Åberg has feasted on the par-5s for the most part with seven birdies. But he also doubled the 15th in the first round, parred it in the second round and bogeyed it on Saturday. That’s something to keep an eye on for the Masters rookie coming down the stretch on Sunday.

DeChambeau reflects on wild day at the Masters

Bryson DeChambeau breaks down the slick greens and other challenges Augusta threw at him in Round 3 of the Masters as well as his mindset for the final round.


Trailing by: Four shots

Why he’ll win: His mind

As someone who has covered DeChambeau since his college days, I’ve seen all forms of DeChambeau. This week, when DeChambeau says he’s in a better headspace, playing freer, it’s noticeable.

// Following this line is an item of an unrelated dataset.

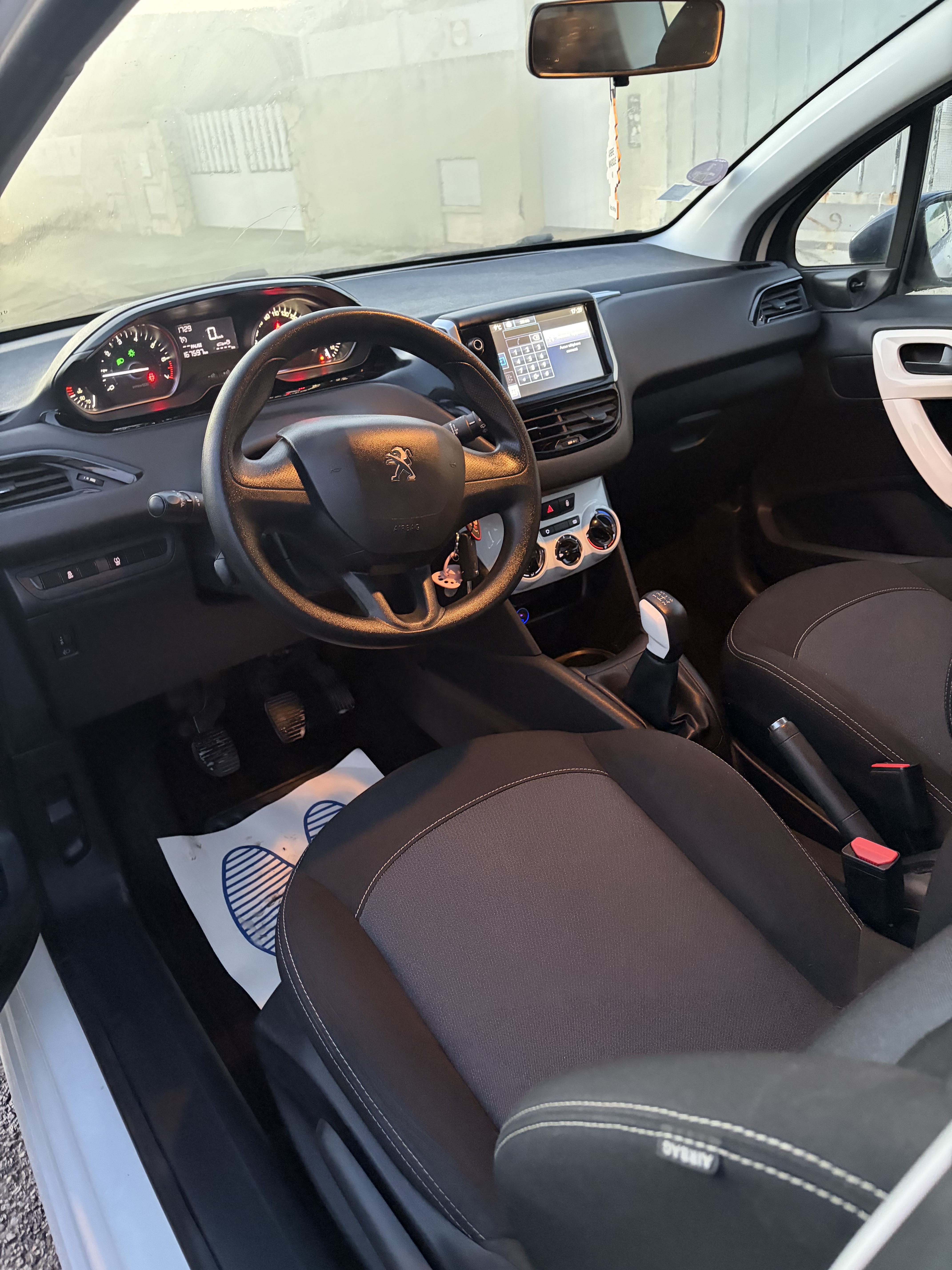 Peugeot 208 avec Entrée audio / iPod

When DeChambeau chunked a pitch shot into the water Saturday at No. 15, doubled the hole and then bogeyed the next, the old DeChambeau would’ve exploded. But he holed out from 77 yards at No. 18 and salvaged a 3-over 75.

Sure, he’s four shots back of the world No. 1.

But if DeChambeau dials in his speed on the greens on Sunday, he likes his chances.

“It’s very difficult to chase, but I’m going to take what I can on this golf course where I can, and I’ve got to make some putts,” DeChambeau said. “If I can make some putts tomorrow, I think I can have a good opportunity.”

AUGUSTA, GEORGIA – APRIL 13: Xander Schauffele of the United States plays his shot from the fourth tee during the third round of the 2024 Masters Tournament at Augusta National Golf Club on April 13, 2024 in Augusta, Georgia. (Photo by Jamie Squire/Getty Images) (Photo by Jamie Squire/Getty Images)


Trailing by: Five shots

Why he’ll win: Avoiding mistakes

Schauffele didn’t card a bogey Saturday, curling in a 13-foot putt for par after a ridiculous, 199-yard approach shot from the right pines at the last to shoot 2-under 70.

“I told [caddie] Austin [Kaiser] after I hit it, could be the best shot I ever hit in my life,” Schauffele said of the second shot. “That’s why I was really happy to make that par putt to sort of pay off that iron shot. I had to aim at a tree and then try and cut it, and if I hit the tree it’s going to come straight back to me, like back in the forest.”

The argument can go either way with Schauffele. He hasn’t put himself in too many difficult situations this week, totaling just four bogeys through 54 holes. But he also hasn’t circled too many numbers on his cards.

Still, Schauffele owns a couple of top-3 finishes at Augusta National, so he knows how it feels being in the mix.

“I know how hard it’s playing,” Schauffele said, “and if you start to get aggressive around the property, you can pick up some shots going the wrong direction.”